August 18, 2013
The American Thinker
By Michael Benge
The "he said, she said" dispute over the claim that the Cambodian regime suspended or cancelled international military cooperation with the U.S. offers an ideal opportunity for the Obama administration to right a wrong-headed policy of providing aid to a corrupt and politicized military implicated in brutal human rights abuses.
Cambodia's
military openly and illegally campaigned for former Khmer Rouge
commander Prime Minister Hun Sen and the ruling Cambodian People's
Party, a repressive communist kleptocracy, and created an atmosphere of
voter intimidation in the recent July 28th elections marred by fraud
according to Human Rights Watch.
According
to the Pnomh Penh Post, last April, Cambodia's pre-eminent environment
activist, Chut Wutty was shot dead by military policemen protecting an
illegal logging concession. Three weeks after Wutty's murder, soldiers
hired to protect the economic concession of a company murdered a
14-year-old girl. In September, Cambodian investigative journalist Hang Serei Odom was hacked to death and stuffed in the trunk by a military officer protecting another concession.
Tens
of thousands of people around the country have been forcibly evicted
without compensation, and some killed, in land-grabs, often in
connection with economic land concessions granted to powerful
foreign-owned companies. Cambodia's Army, commanded by Hun Sen's son,
has a rent-a-cop policy -- an army for hire -- paid by the companies to
carry out the evictions and guard their assets. Military trucks provided
by the U.S. are used to transport soldiers for evictions and to protect
private companies and are often seen hauling illegal timber cut from endangered forests.

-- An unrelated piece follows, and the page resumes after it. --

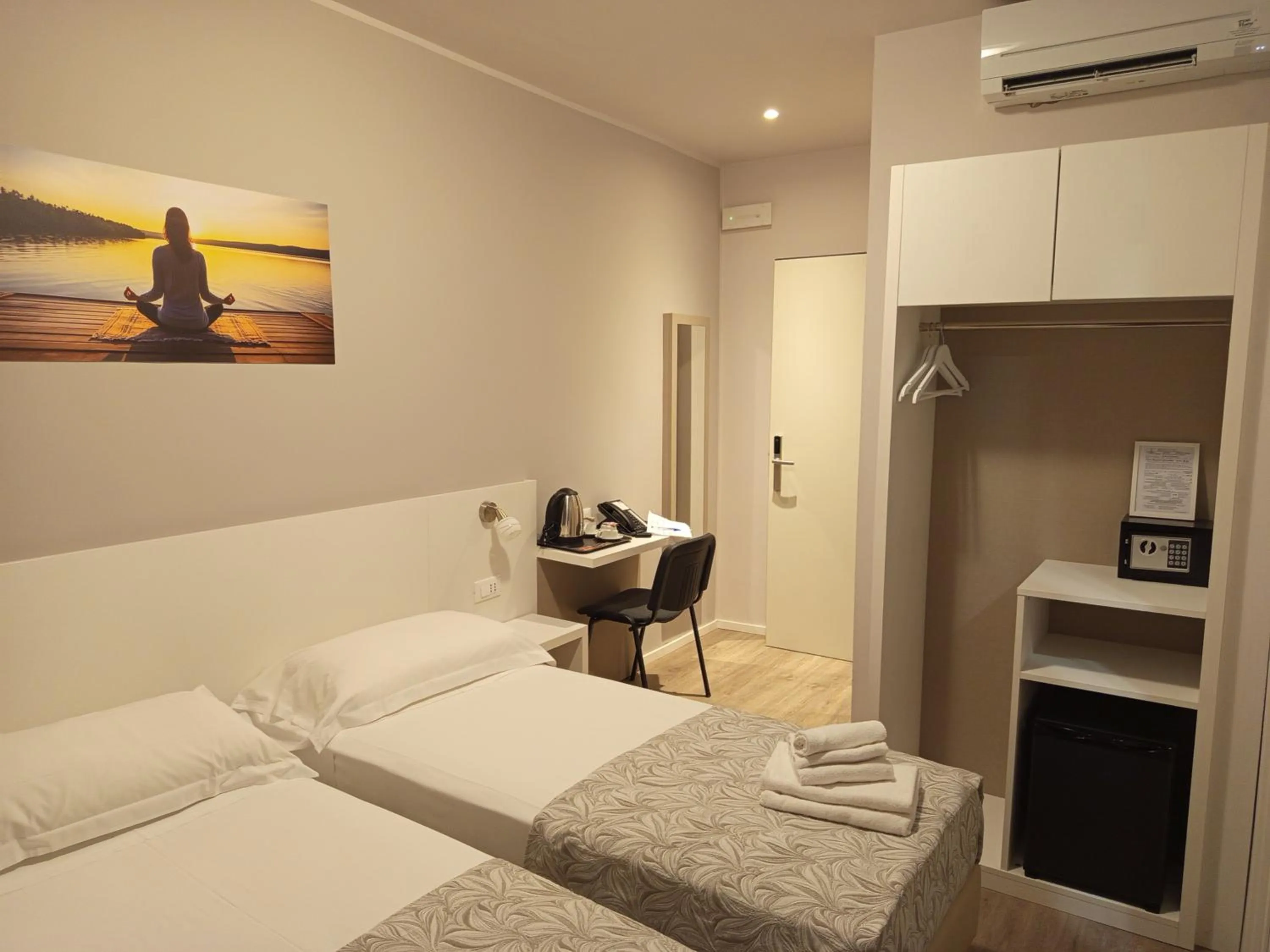 Bed in Hotel Acquario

It is outrageous that the United States supplies millions of dollars
of equipment and other aid to Cambodia's army while it engages in such
flagrant abuses of human rights. U.S. military aid to Cambodia should be
limited to only training its military on preventing human rights abuses
and for disaster response and civic action; and it must be closely
monitored to avoid continued misuse. The Obama Administration attempts
to justify turning a blind eye
toward abuses by the Cambodian military on the necessity to gain
influence in Cambodia in competition with China; a futile endeavor that
it cannot win and a pipe dream at best. When the Obama administration suspended a shipment of about two dozen military vehicles
to Cambodia in 2010, China promptly stepped in and donated over 250
military trucks. In October last year, Cambodia received about 100 tanks
and 40 APCs from Ukraine -- a shipment that marked one of the largest
ever, suggesting that European arms dealers do not discriminate against
Chinese money.
On Wednesday morning (08/14/13), a port official confirmed that "more than 80 tanks and APCs, and... about 100 containers of bullets and mortar shells," from an Eastern European country arrived at Sihanoukville Autonomous Port. The arrival comes just two weeks after the Chinese government
gave 1,000 handguns and 50,000 rounds of ammunition to Cambodian police
forces. Officials insisted the handover had been inked long before, but
the delivery raised eyebrows among analysts who suggested it had been
timed to coincide with post-election unrest. On Thursday, eyewitnesses
in Preah Sihanouk province said they saw more than 20 heavily armed
vehicles --including at least 16 tanks -- at the Sihanoukville
Autonomous Port being transported by truck up National Road 4.
Cambodia's Defense Minister Tea Banh said
that the truckloads of tanks and mounted rocket launchers seen by
witnesses leaving the Port in the direction of Phnom Penh would be used
to protect the country in the case that someone "tries to destroy the
nation." Where the U.S. has a distinct advantage and can gain influence
with the disadvantaged Cambodian people is through providing
humanitarian aid and economic development assistance at the grass roots
level rather than aid to a morally corrupt regime's military.
And the band plays on.
Michael
Benge spent 11 years in Vietnam as a foreign service officer and is a
student of South East Asian politics. He is very active in advocating
for human rights, religious freedom, and democracy for the peoples of the region and has written extensively on these subjects.